Параллельно меняется и поле «уличной» преступности. Дроны превратили контрабанду и доставку запрещёнки в трёхмерную игру в кошки‑мышки. В тюрьмах Канады квадрокоптеры сбрасывают свёртки прямо во двор, в Южной Америке беспилотники ведут самолёты с наркотиками к тайным полосам. В Испании перехватывали беспилотные мини‑подлодки‑«торпеды», способные автономно провести груз через Гибралтар.

То, что раньше было прерогативой государства (воздушная и подводная разведка), теперь доступно любому с доступом к AliExpress и пару толковых программистов.

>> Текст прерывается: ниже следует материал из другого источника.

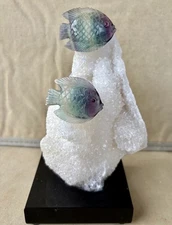 Fluorite Fish Pair on Drusy Calcedony-7" -Peter Muller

Закон и полиция не успевают: «оружейнизация» гражданских технологий идёт быстрее регуляций. Преступникам не нужно изобретать дрон — достаточно купить, чуть допилить софт и массово штамповать «высокотехнологичные» орудия.

На этом фоне встаёт вопрос: как жить с машинами, которые всё больше похожи на существ с собственной волей? Роботы‑псы, гуманоидные платформы, манипуляторы вызывают «эффект зловещей долины» — они слишком живые в движениях, но без лица и души.

Поп‑культура («Чёрное зеркало», эпизод Metalhead) закрепила образ безжалостного робота‑охотника. Неудивительно, что появление Spot от Boston Dynamics в полиции Лос‑Анджелеса и Нью‑Йорка встретили волнениями: для ведомств это «инструмент для опасных задач», для горожан — предвестник киберпанковского мира, где тебя преследуют безликие механические псы.

Но есть и другой культурный сценарий. В Японии давно практикуют «нингё-кую» — поминальные обряды для неодушевлённых объектов. В храме Кофукудзи в префектуре Тиба проводили буддийские службы для списанных робособак Sony AIBO: их клали перед алтарём с бирками, на которых были имена и благодарственные записки владельцев: «Спасибо, что был со мной, когда я был одинок».

Для многих пожилых людей AIBO стал членом семьи, и избавиться от него как от мусора казалось предательством. «Всё наделено духом», объясняют монахи: даже робот, если между ним и человеком возникла настоящая связь.

Это резко контрастирует с западной традицией «Франкенштейна», где «ожившая машина» — угроза, требующая постоянного надзора. Так технологии вплетаются в культурный код и по‑разному перезапускают наши представления о себе.

По сути, то, как мы относимся к машинам, — зеркало того, как мы понимаем человека. Мы боимся быть под колпаком у непонятного алгоритма, но и в одиночестве ищем в машине собеседника и компаньона. ИИ‑ассистенты, чат‑модели, роботы‑питомцы становятся новыми контейнерами для наших чувств. Человек и машина постепенно входят в новый тип отношений — от конфликта и страха до привязанности и ритуалов прощания.

Этот сдвиг неизбежно ставит более жёсткий вопрос: меняется ли вместе с этим сама граница «что такое человек»? Мы — последняя «аналоговая» стража перед эпохой машин или уже первое поколение, которое вырастает внутри гибридного, человеко‑машинного мира?